National Informatics Centre Consolidates 432 Databases, Improving System Response, Data Security, and Availability
 
 

National Informatics Centre Consolidates 432 Databases, Improving System Response, Data Security, and Availability

The Indian Government’s National Informatics Centre (NIC) supplies technology services to government agencies and departments. It steers e-governance implementations at national, state, and district levels, improving government services by implementing online solutions, such as websites and electronic information systems.
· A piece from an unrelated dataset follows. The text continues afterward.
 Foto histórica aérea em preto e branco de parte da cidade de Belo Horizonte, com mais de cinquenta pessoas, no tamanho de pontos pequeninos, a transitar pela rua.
NIC has provided extensive technology services to Andhra Pradesh’s Registration and Stamps Department. The department manages land, marriages, and social services and associated documentation across 38 districts. NIC’s computer-aided Administration of Registration Department (CARD) project, which began in 1997, has centralized all of the department’s information, including land and duty rates and stamp vendors’ details onto a three-tier architecture, based on a central application server in the Hyderabad head office. CARD is among the most successful e-governance projects in India.

 
 

 
 

Challenges

A word from National Informatics Centre

  • “Oracle Database provides a highly available, scalable, and secure database platform that centralizes our computer-aided Administration of Registration Department system across 38 districts. We have improved response time, enhanced data security, and reduced costs, enabling the Registration and Stamps Department to provide a better service to its 84 million customers.” – KLN Rao, Deputy Director General, NIC

  • Consolidate and upgrade 432 databases from 38 registration districts across the state of Andhra Pradesh onto Oracle Database to ensure high availability, scalability, and security for information pertaining land rates, marriage documentation, and more
  • Minimize system downtime and performance degradation in subregistrars’ offices to improve query performance, and simplify system management tasks
  • Implement a disaster recovery site to ensure business continuity for vital citizen services
  • Develop a unified look and feel for interfaces and reports generated by the CARD application to accelerate user adoption and proficiency

Solutions

  • Minimized risk of single point of failure across 38 registration districts by upgrading 432 databases onto one Oracle Database
  • Gained flexibility to scale database workload by adding nodes to Oracle Real Application Clusters as data volumes grow, ensuring scanned documents, such as photos and citizen thumbprints, are available for viewing or reference
  • Ensured high availability for CARD application in the event of a server failure at the subregistrar offices, thanks to Oracle Real Applications Clusters’ failover capabilities
  • Enabled faster response to user queries by using Oracle Partitioning to divide large information sets, such as marriage records, into partitioned data
  • Maintained existing user interface and minimized user training by seamlessly migrating 150 legacy forms to Oracle Forms and 100 legacy reports to Oracle Reports within three months—eight months faster than planned—thanks to Oracle WebLogic Suite
  • Guaranteed data security for the 432 databases upgraded across 38 districts by using Oracle Active Data Guard’s backup and recovery features, enabling real-time data protection and availability
  • Increased department’s annual revenue from US$110 million in 1998 to US$811 million in 2013, in part due to growth in the number of registrations facilitated by having a web-based, centralized architecture

Why Oracle

Following a detailed evaluation of database product offerings from multiple vendors, NIC selected Oracle as its preferred supplier for its ability to consolidate multiple databases, improve security and system response, and reduce costs.

“After looking at other vendors and products, we determined that Oracle provided the only creditable relational database, supported by Oracle Forms and Reports, to manage this complex and comprehensive project and improve the services we provide to over 84 million customers,” said KLN Rao, deputy director general, NIC.

Implementation Process

The CARD project to computerize the department’s services began at two test sites in 1997. Internal change management was one of the key challenges, and it was critical to initiate the project in a decentralized manner. Having achieved initial computerization, the department expanded the project, making the CARD application web-based and extending its reach to additional internal and external stakeholders. The implementation strategy was aimed to address the functional, technical, and change management challenges in line with users’ adoption pace.

The subregistrar offices in the district of Hyderabad went live with the new centralized architecture in August 2012. A phased migration of all 432 databases in subregistrar offices across 38 districts took place between December 2012 and May 2013, and it involved transferring large volumes of legacy data to a central server. The implementation was completed on time and within budget.